▶ To do
Would you repeat the listing exactly but omit every picture?

▶ Given information

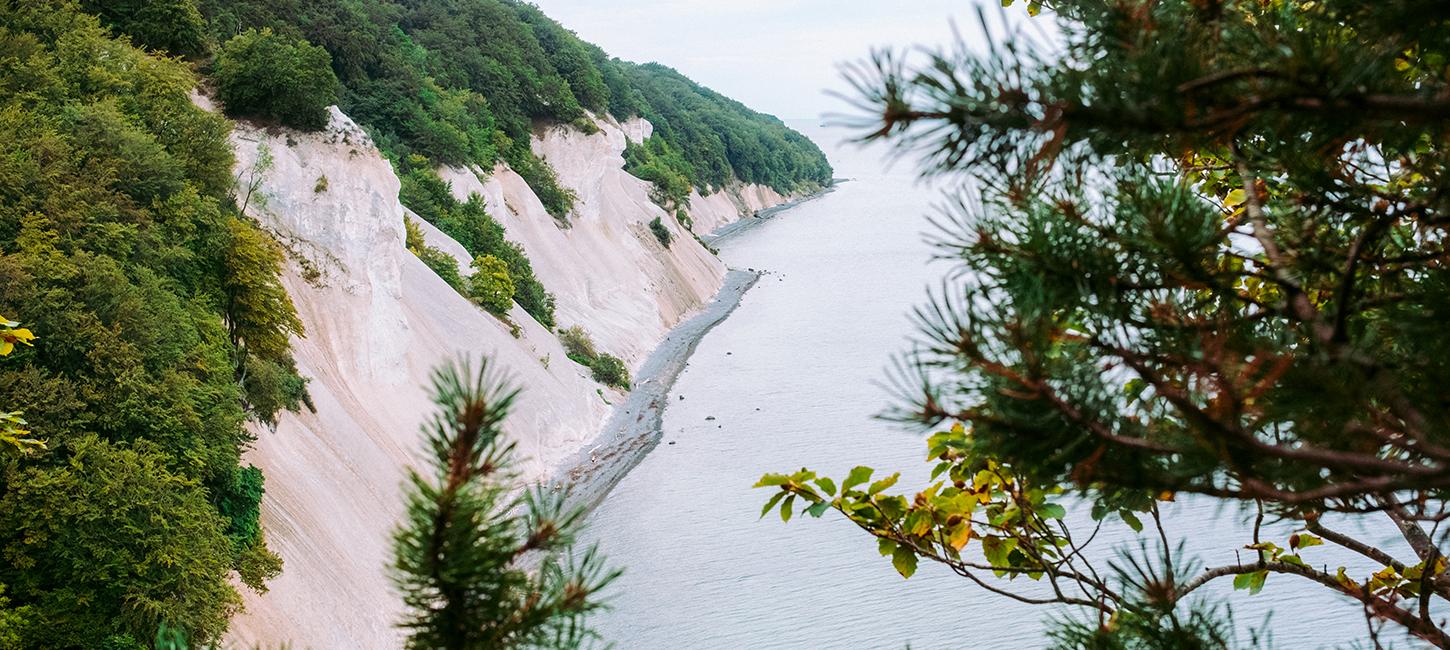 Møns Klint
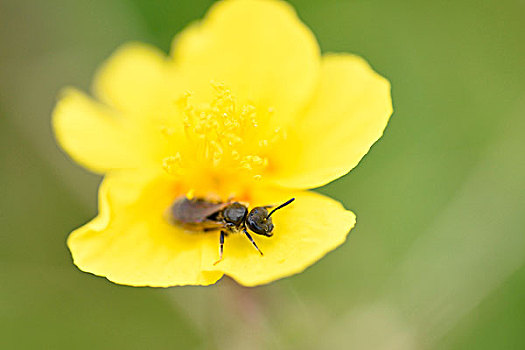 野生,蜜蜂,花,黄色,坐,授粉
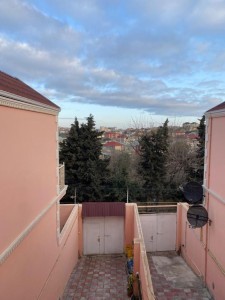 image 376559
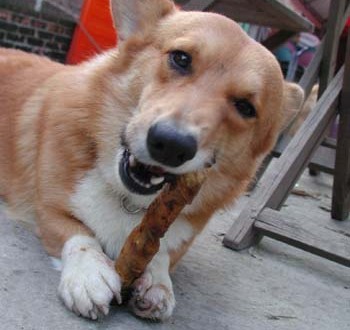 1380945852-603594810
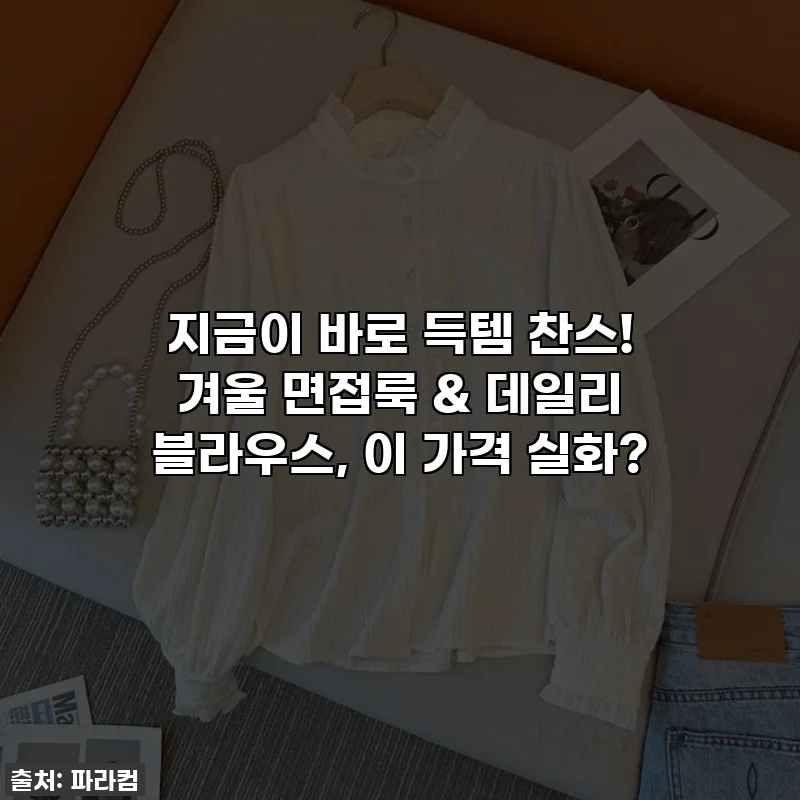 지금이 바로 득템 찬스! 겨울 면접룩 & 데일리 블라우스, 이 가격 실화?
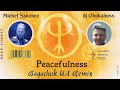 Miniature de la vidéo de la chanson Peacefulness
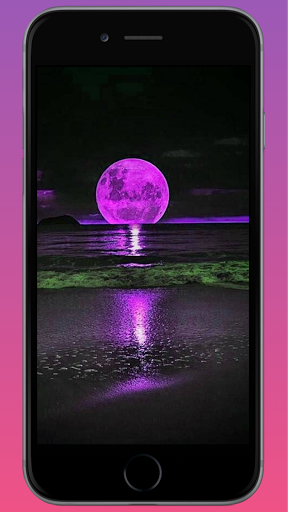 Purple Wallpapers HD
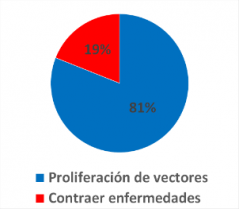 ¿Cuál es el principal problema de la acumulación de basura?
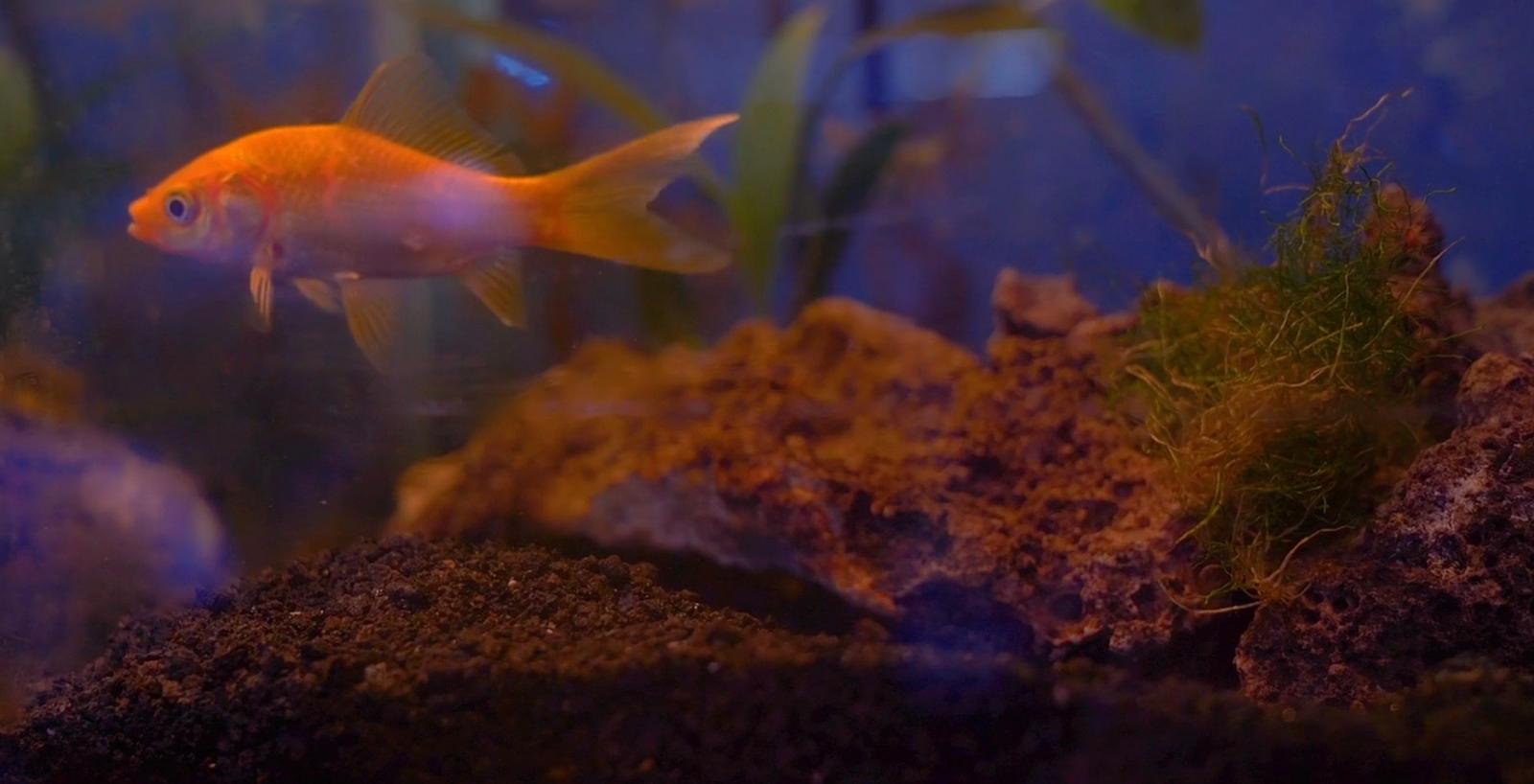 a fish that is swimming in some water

▶ Exercise output
 Møns Klint
 野生,蜜蜂,花,黄色,坐,授粉
 image 376559
 1380945852-603594810
 지금이 바로 득템 찬스! 겨울 면접룩 & 데일리 블라우스, 이 가격 실화?
 Miniature de la vidéo de la chanson Peacefulness
 Purple Wallpapers HD
 ¿Cuál es el principal problema de la acumulación de basura?
 a fish that is swimming in some water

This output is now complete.